When that Penn 80-pound class rod sprang back upright, the ensuing escape of pent-up frustration didn’t come forward through a “fissure,” it erupted like Krakatoa!

When I finally composed myself and apologized to the rest of the crew, my body, as well as my spirit, was drained. I could hardly lift my arms to reel in the offending line, but somehow summoned the strength to turn the handle under the cloud or depression that hung over me. I was expecting to find a broken main line, double line or leader on the other end. Instead, when the snap swivel hit the rod tip and I reached over and grabbed the leader and slung it in the cockpit, the big Mustad hook hit the deck with a “clink.” In fact, it looked like it had never had a bait attached at all -- save for the missing dacron bridle.

Bob was the first to say it: “We never stuck him! We never stuck him at all! He was probably just turning the bait in his mouth when we struck him… If we get another shot, we’ve got to let him eat it!”

“Get another shot?” I thought to myself. “Get serious.
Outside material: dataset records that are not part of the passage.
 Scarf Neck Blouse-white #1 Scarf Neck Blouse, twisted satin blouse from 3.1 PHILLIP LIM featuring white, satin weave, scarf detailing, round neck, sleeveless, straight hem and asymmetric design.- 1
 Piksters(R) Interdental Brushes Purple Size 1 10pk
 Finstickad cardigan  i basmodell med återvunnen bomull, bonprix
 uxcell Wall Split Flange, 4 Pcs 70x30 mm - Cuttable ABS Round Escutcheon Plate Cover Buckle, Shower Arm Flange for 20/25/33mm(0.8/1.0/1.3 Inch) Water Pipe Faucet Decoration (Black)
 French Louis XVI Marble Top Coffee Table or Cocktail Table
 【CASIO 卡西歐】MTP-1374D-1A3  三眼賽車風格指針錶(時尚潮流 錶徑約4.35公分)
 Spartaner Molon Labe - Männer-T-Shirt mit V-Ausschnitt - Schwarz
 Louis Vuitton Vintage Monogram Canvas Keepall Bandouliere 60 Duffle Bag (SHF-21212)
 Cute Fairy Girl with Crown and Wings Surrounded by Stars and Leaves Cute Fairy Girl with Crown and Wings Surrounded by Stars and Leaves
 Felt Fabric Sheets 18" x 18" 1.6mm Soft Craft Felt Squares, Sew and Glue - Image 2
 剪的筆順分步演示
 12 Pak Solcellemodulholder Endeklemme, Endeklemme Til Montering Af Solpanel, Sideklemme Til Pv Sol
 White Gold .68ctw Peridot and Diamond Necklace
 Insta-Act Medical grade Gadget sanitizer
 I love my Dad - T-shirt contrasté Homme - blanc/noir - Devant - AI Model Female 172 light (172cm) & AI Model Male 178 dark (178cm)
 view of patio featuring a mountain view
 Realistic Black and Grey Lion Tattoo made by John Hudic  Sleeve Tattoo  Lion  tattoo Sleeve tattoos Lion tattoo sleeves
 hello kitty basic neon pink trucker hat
This is only my second shot a blue in seven years. It could be years before I get another one.”

Still, the realization that we had not sunk a hook in the fish gave me enough solace to at least pretend that there was still a chance. I took a few deep breaths, gathered my emotions and said, “Okay, let’s re-rig and go get him.” So I, with a much less sense of urgency this time, ducked below, cut the hook off the cursed leader, and repeated the rigging process as described earlier, right down to re-sharpening the hook. When I emerged from the cabin, I expected to find Bob fighting another baitfish on the little Penn ultra-light. He wasn’t.

“They’ve disappeared,” he said. “I haven’t had a hit, or even a follow!”

Now that was weird. When we first pulled up there, dozens of big hardtails raced out from the mat to grab the jig, now the water under the mat, or at least the part we were adjacent to, looked completely devoid of life. The only thing I could figure was the rampaging blue marlin that had hit our bait had so traumatized the other hardtails living there, that they had retreated to the thickest part of the mat’s cover in the middle, and were not about to come out and expose themselves to the big predator, no matter how hard we enticed them with promises of an easy meal.

Oh well, we still had one bait in the water.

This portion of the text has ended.